“What in the world could they be talking about?” my wife said to her coworker Svetlana, as her husband Yuri and I chatted intensely at their company Christmas party.
“Where are you from?” I asked Yuri, noticing his accent.
“Ukraine,” he said, then quickly followed with a dismissive, “Russia.”
“Russia or Ukraine?” I asked.
“You know Ukraine?” he asked.
“Well, I haven’t been there, but I know where it is,” I said.
A few more such questions indicated to me I was being “qualified” by Yuri before he’d invest in a conversation. So, after making it clear that I’d heard of the Soviet Union, and (this blew his mind) read Aleksandr Solzhenitsyn’s “The Gulag Archipelago,” we became fast friends. That book came up after I’d asked Yuri what his father did during the war.
“He spent 10 years in a prison camp doing hard labor,” he said. “That’s what he did.”
“What did they charge him with?” I asked.
“Nothing really — it didn’t matter in those days,” he said.
“Yeah. I remember that from the book — Solzhenitsyn said 10-year sentences were given out like candy.”
From there, we went on to talk about how Yuri had come to this country after the dissolution of the Soviet Union in 1991, how he’d had a master’s degree in engineering but could only get the most menial of jobs, and how he’d essentially re-built his life and career.
Later that evening, my wife introduced me to Hasan, the husband of her co-worker Sally.

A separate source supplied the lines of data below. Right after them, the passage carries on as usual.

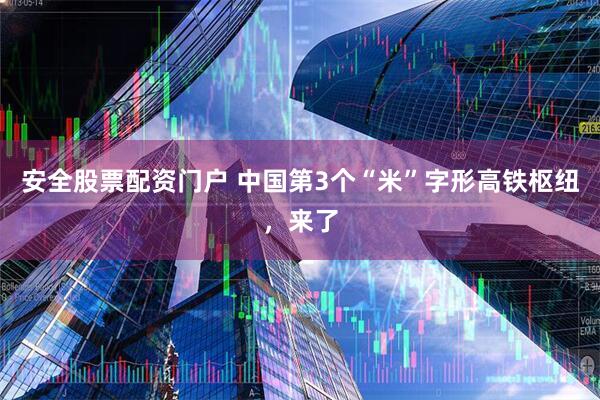 安全股票配资门户 中国第3个“米”字形高铁枢纽，来了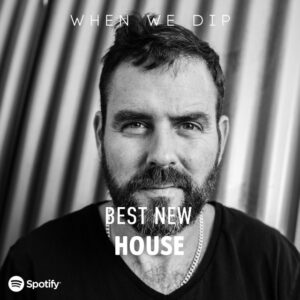 When We Dip April 2022 House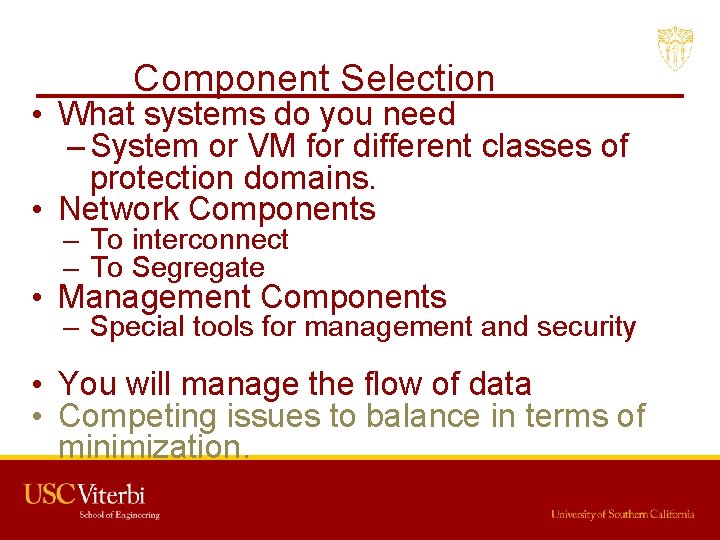 Component Selection • What systems do you need – System or VM for different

For whatever reason, our conversation went straight to football, specifically how my sons were playing and how he hoped to have his son playing if he could just get Sally onboard.

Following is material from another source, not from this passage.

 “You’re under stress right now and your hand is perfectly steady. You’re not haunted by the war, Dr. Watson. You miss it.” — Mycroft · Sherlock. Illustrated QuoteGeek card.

From there, we moved on to chatting about our lines of work. Hasan is a lawyer with his own firm. Interestingly, after college, he wound up taking the LSATs on a bet (he wagered a friend that he’d do better on the test without taking a prep course than his friend would do with taking one). After doing well on the test, Hasan figured he might as well give law school a shot, but was unsure he wanted to actually be a lawyer. So as not to get his parents’ hopes up, he didn’t even tell them he was going to law school until he started year three.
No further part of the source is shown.